La senda de los poetas.


“Un poeta, contra el estruendo y el dolor,
inventa la palabra” (Leo Zelada)

Abril de 2016. La editorial Vaso Roto publica el número 97 de su colección de Poesía: el libro de Leo Zelada (Braulio Rubén Tupaj Amaru Grajeda Fuentes, Lima, 1970) Transpoética.
Leo Zelada no es un autor cualquiera. Se toma la escritura muy en serio, porque la palabra mágica y multicultural del vate circula por sus venas. Leo, además, construye cultura, agita, anima y levanta el espíritu popular de la Cultura de la capital. Como perfectamente recoge la contracubierta de su libro, y en expresión de Emilio Porta, Leo “mueve Madrid”. Es uno de los voluntarios encargados de recordar a la sociedad y al poder de que existen los sentires y sentimientos, la conjunción sorprendente de lenguaje, mestizaje y mito, por encima de lo material, lo lucrativo y tangible. Leo se perfila “ebrio de poesía”, bohemio sin nómina, artista perdedor en una barraca de consumo, “mendigo de metáforas”:
“—¿Qué profesión tienes?
--Poeta.
--O sea, te vas a morir de hambre.
--Al contrario, voy a aplacar tu sed.”
La voz de Zelada es la del azabache, la del tugurio y el acantilado. Un grito cayendo en el abismo. Leo respira y exhala versos, y ha llevado su alma peregrina por selvas, ríos y llanuras de toda Latinoamérica. Es testigo de un mundo alucinado y alucinante. En su mochila, el manifiesto lírico, áulico y magistral, para desnudar un universo.
Zelada se afianza sobre la casta de los malditos. Las proyecciones alambicadas y perezosas de Baudelaire y Poe, como si el arte tuviera que estar permanentemente reñido con la masa: “Donde otros ven muchedumbres él ve una enorme procesión de silencios”; esa gente “como reptiles bajo la sombra”. Parir versos, por amor y con dolor, parece el sino del tocado por el ordenamiento deslumbrante de la lengua.

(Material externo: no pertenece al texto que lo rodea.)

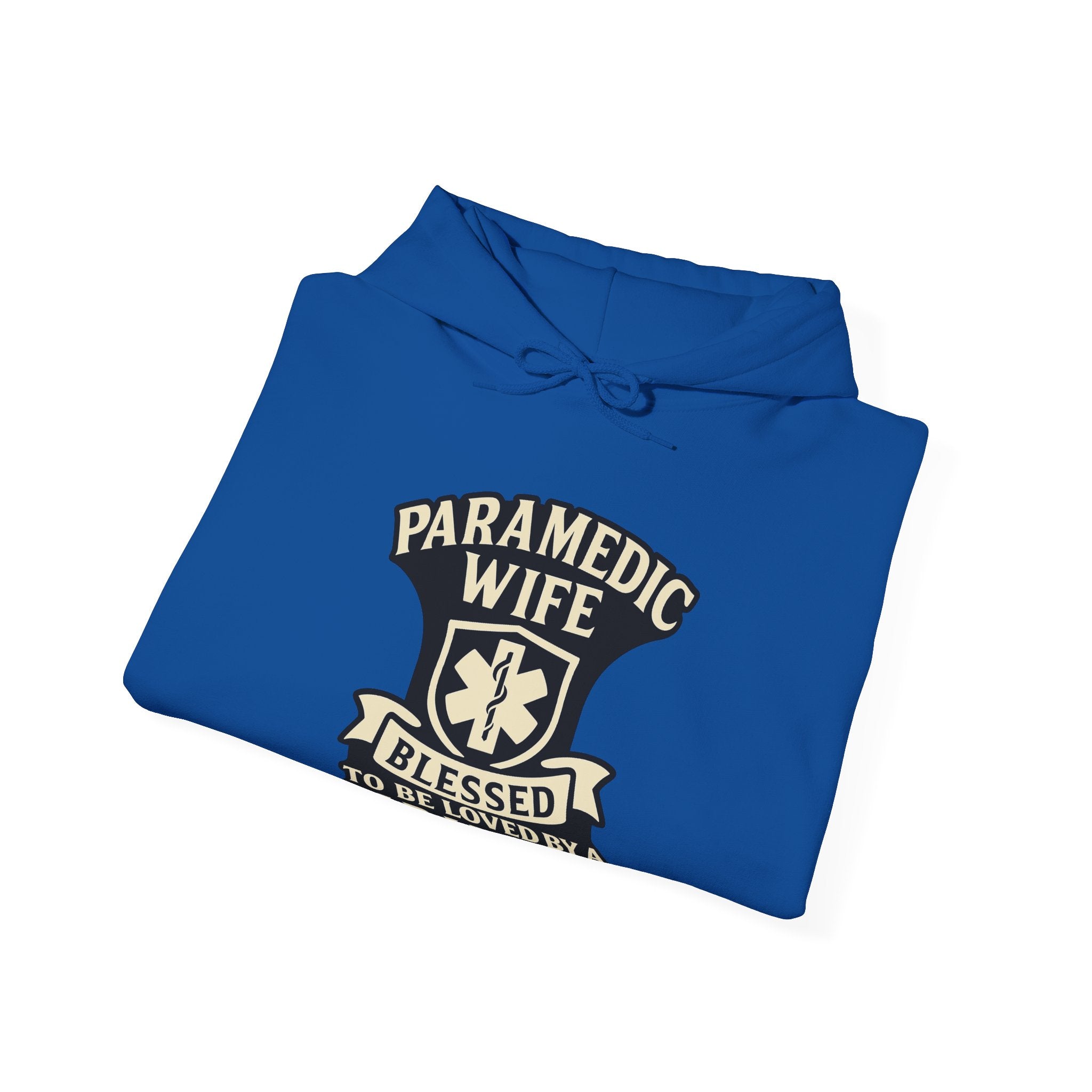 Paramedic Wife Hoodie, Blessed to Be Loved By a Paramedic Sweatshirt, EMS Girlfriend Gift, First Responder Partner Support Apparel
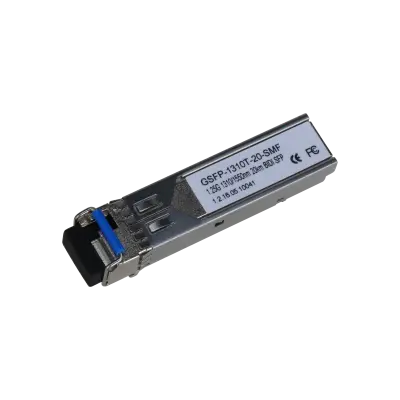 [GSFP-1310T-20-SMF] Módulo SFP 1,25Gbps SM Tx1310nm Rx1550nm 20Km.
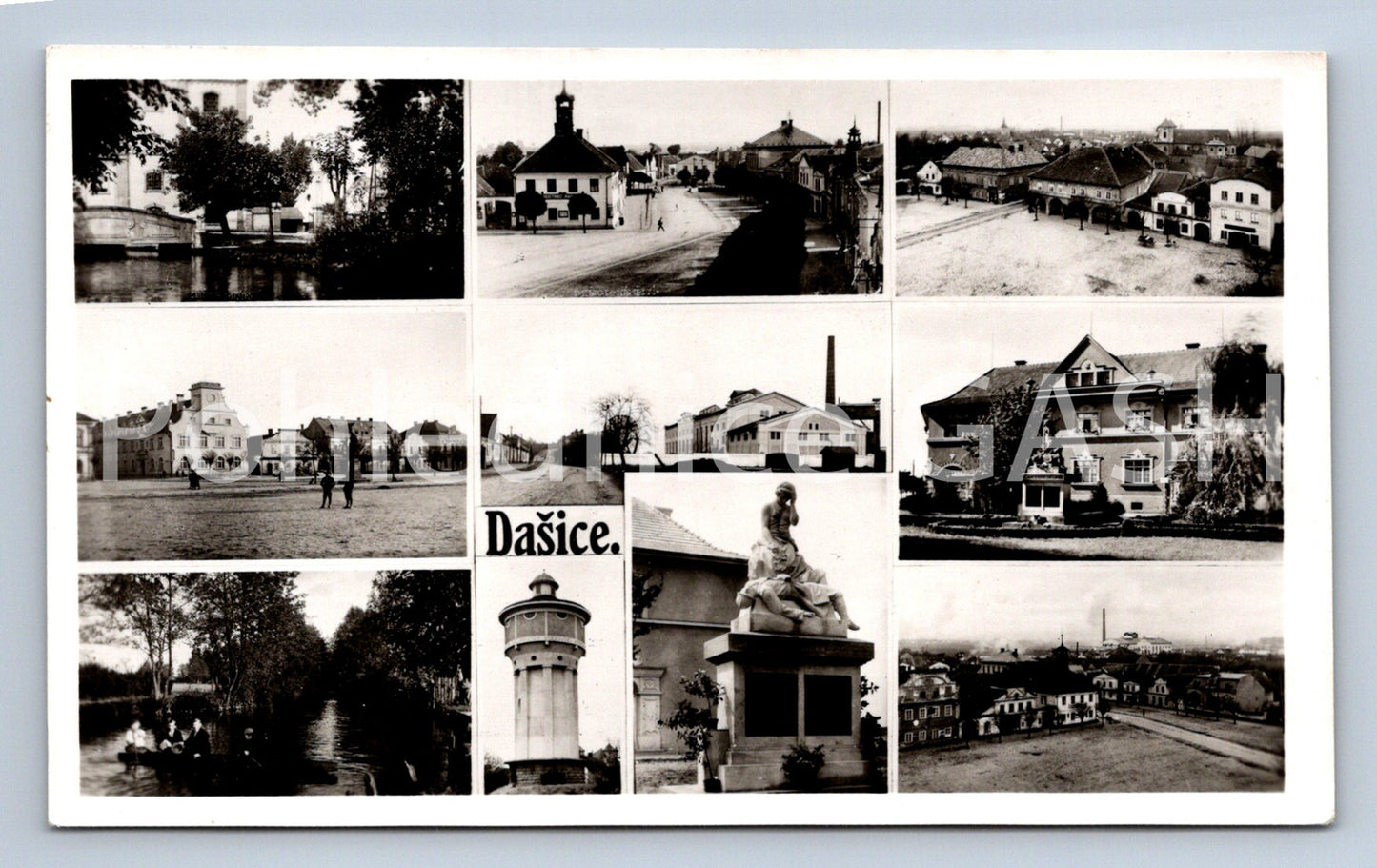 Postcard DAŠICE - COLLAGE (ST6434)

Quizá esta ausencia de permeabilidad dificulte transparentar todos los ámbitos de lo concertado, y encasille al poeta en una ofuscación, en un exilio interior: el del peregrino en su patria, y en cualquier patria. Lo suyo no es diletantismo, sino más bien decadentismo voluntario: un encierro entre sus propias penumbras. “La literatura me esperaba en casa” (“Yo tengo encerrada en mi casa –por su gusto y el mío—a la Poesía”, que afirmó Juan Ramón, añadiendo eso de “y nuestra relación es la de los apasionados”). “Un poeta se refugia en su cuarto…”; “Cuando escribo atravieso la noche…”; “En la soledad de mi cuarto… Odio al mundo en este momento. Odio la noche. Odio los recitales de poesía. Me odio…” Puede que el apartamiento concite el don salvador de la palabra: “No soy cordero. / No soy manada. / La poesía es mi única patria / y su lenguaje / mi idioma universal.” Pues la palabra poética redime: “Transformar el dolor en belleza ese es el oficio del poeta.”
Como quería Juan Ramón, el poeta recrea el mundo, lo reconstruye, no necesariamente partiendo de sus ruinas, sino captando otra realidad, otra verdad que se nos escapa, como la arena entre los dedos. “En el cuarto oscuro de un poeta, / también existe la arena de la playa.” Su visión de Afrodita no es la de una muchacha bella, sino su compañía, que nos relaja y embruja, y entonces las estrellas del cielo “bajan a danzar” con uno, en místico y erótico paroxismo.
El texto de Leo que abre el libro –corto, a modo de haiku—dice “todas las constelaciones / del universo caben en mi mano.” Leo obedece a Blake, sus Augurios de Inocencia:
“Para ver el mundo en un grano de arena,
y el Cielo en una flor indómita,
estrecha el infinito en la palma de tu mano
y la eternidad en una hora.”
[To see a World in a Grain of Sand
And a Heaven in a Wild Flower,
Hold Infinity in the palm of your hand
And Eternity in an hour.]
Hay un ente que libera el encierro del poeta Leo y aminora su soledad: el mar. “Otra es la ola que luminosa acaricia mi espalda”; “Sobre la espuma del mar / el resplandor del misterio.” El mar que es unitario y distinto, el manto de agua a veces verde, a veces azul, a veces gris, que nos convoca, sacude la costa y se desdobla en otro, y en uno mismo. El doble del poeta, por qué no, escribiendo travesuras en universos paralelos.
En la huida del tumulto a la orilla está ese sueño infantil de Antoine Doinel –alter ego de François Truffaut—en la secuencia final de Los cuatrocientos golpes (1959), un niño abandonado por sus padres, que busca el mar para así sentirse libre.
En los límites de su sencillez, Transpoética es un libro para leer y saborear varias veces, lleno de breves, pero con tres clásicos de la cumbre de su autor: “Breve explicación de la poética a un hombre cualquiera”, “Dark Poetry” y “Underground Poet”.
Seguramente Leo tiene la llave del Infinito.
© Antonio Ángel Usábel, septiembre de 2016.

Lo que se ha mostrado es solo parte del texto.